Problem requirements |
The required output is the exact run of lines from the one bearing "Toyota Auris Touring Sports" through the final line of the listing below, with the pictures removed.

--

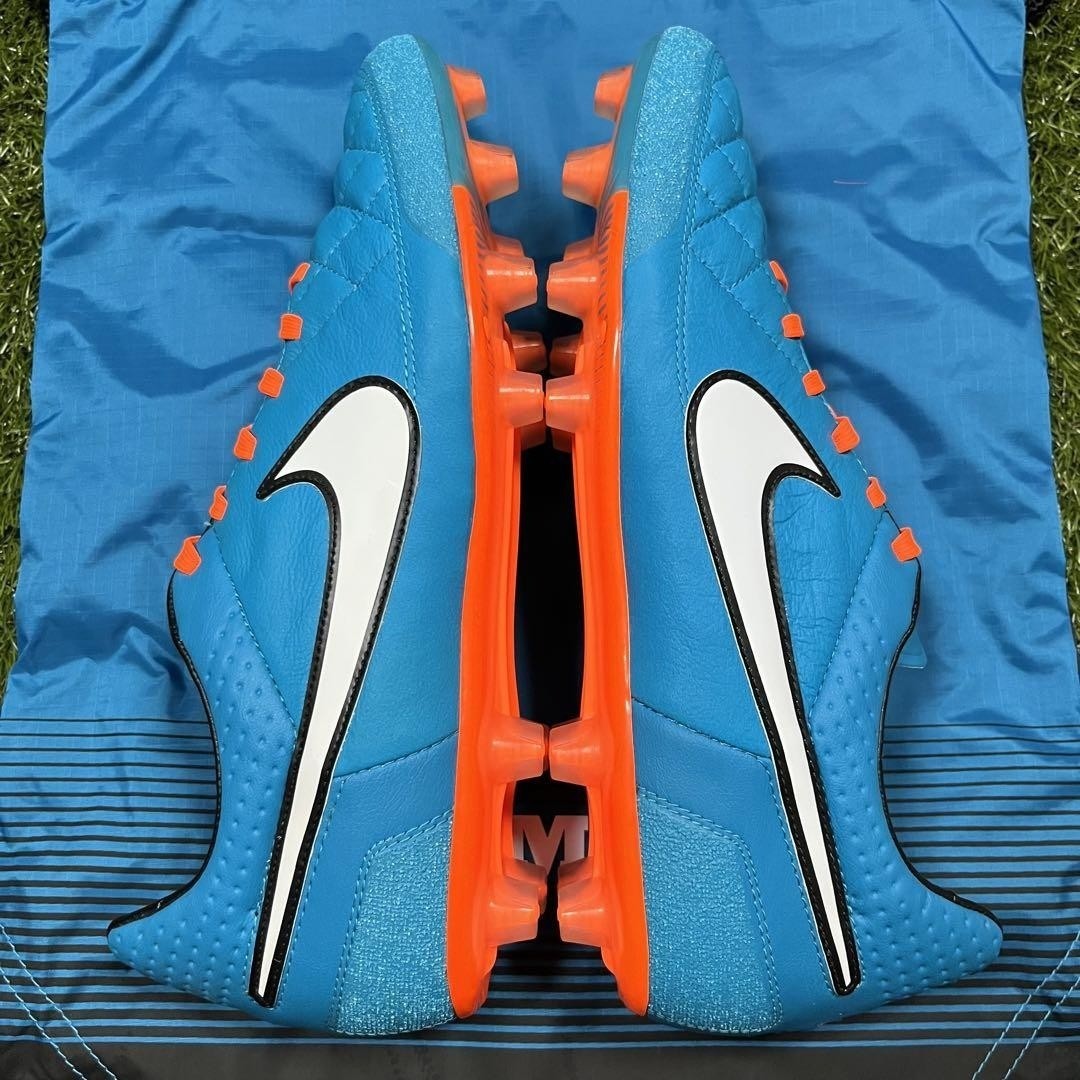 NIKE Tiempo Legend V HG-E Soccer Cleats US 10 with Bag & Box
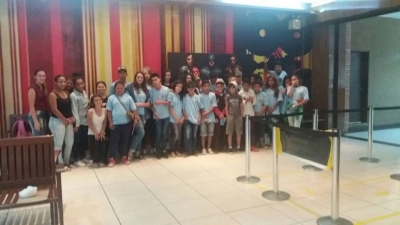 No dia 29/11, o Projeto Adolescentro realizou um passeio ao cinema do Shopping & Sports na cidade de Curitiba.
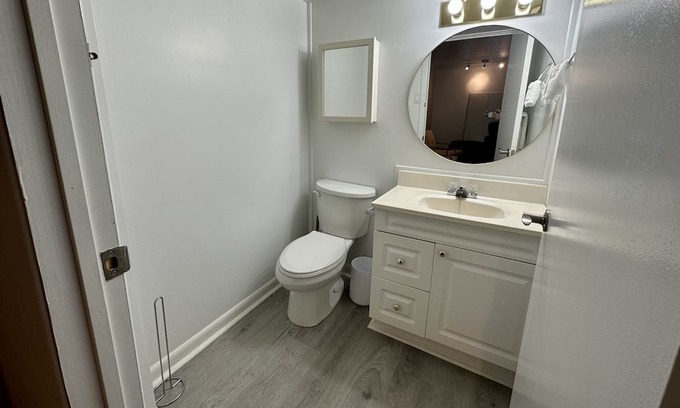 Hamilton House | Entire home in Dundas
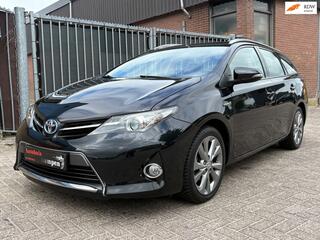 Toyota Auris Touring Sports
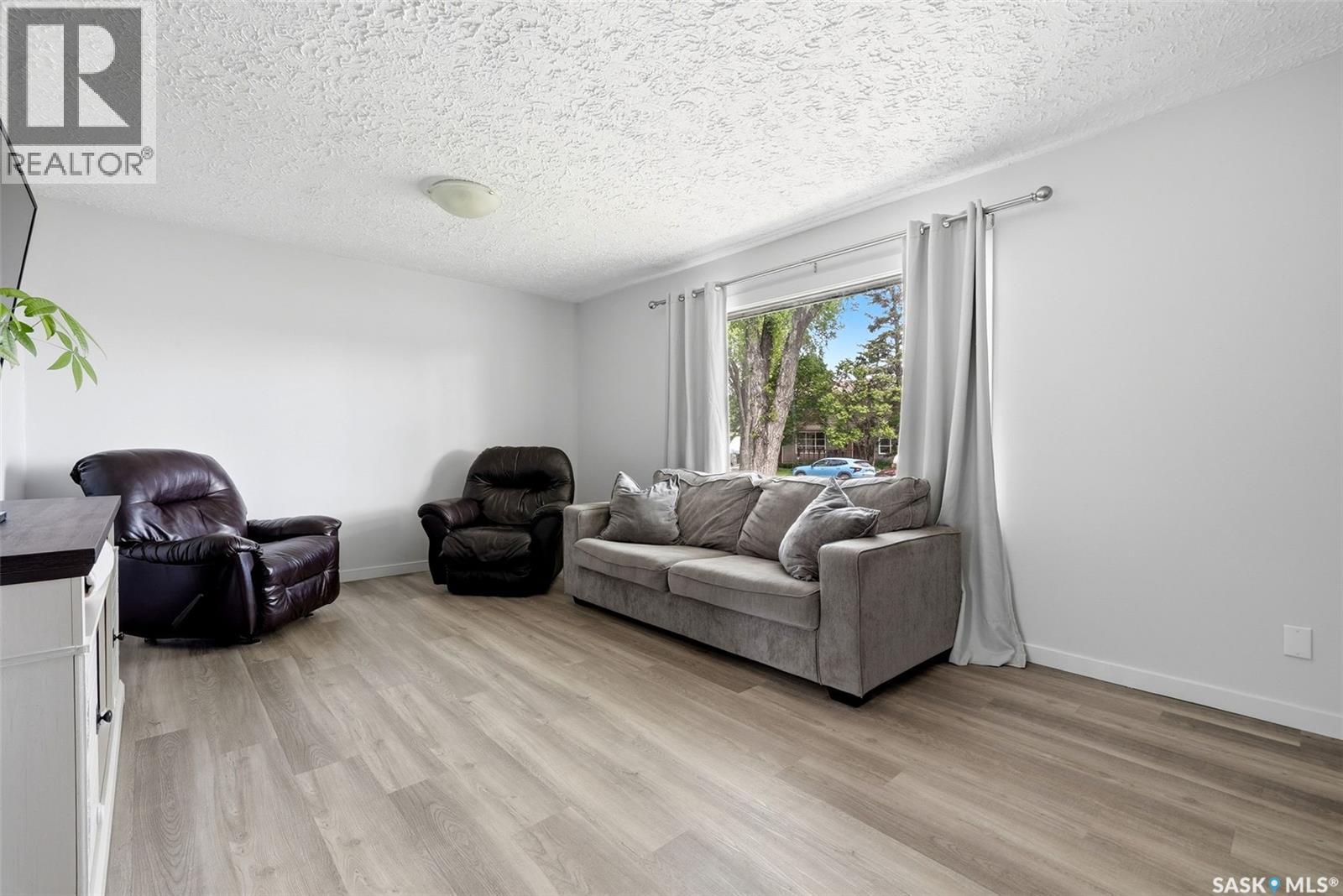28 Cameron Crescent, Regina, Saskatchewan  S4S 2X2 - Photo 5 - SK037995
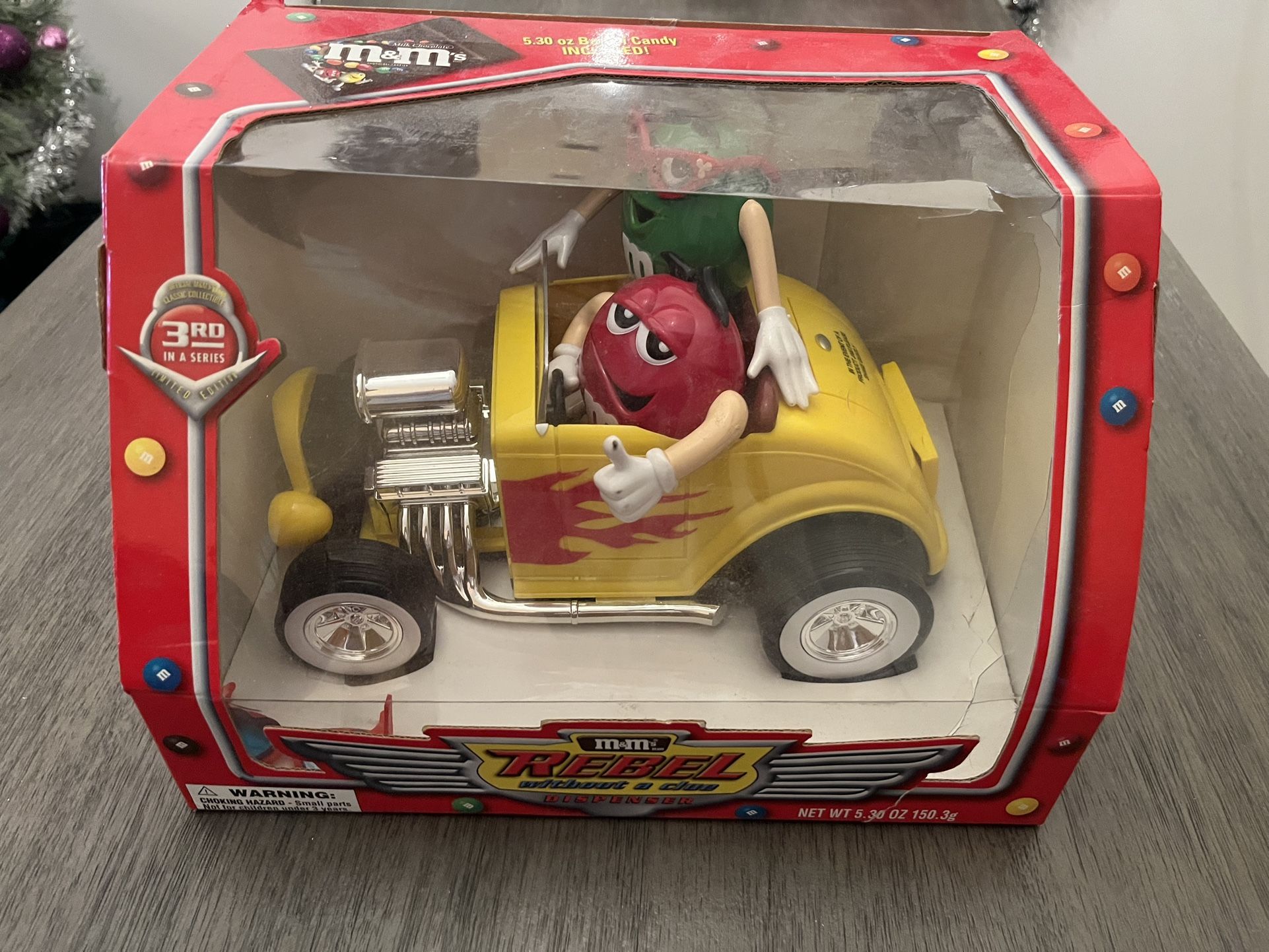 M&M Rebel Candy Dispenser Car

--

Result for this task |
 Toyota Auris Touring Sports
28 Cameron Crescent, Regina, Saskatchewan  S4S 2X2 - Photo 5 - SK037995
 M&M Rebel Candy Dispenser Car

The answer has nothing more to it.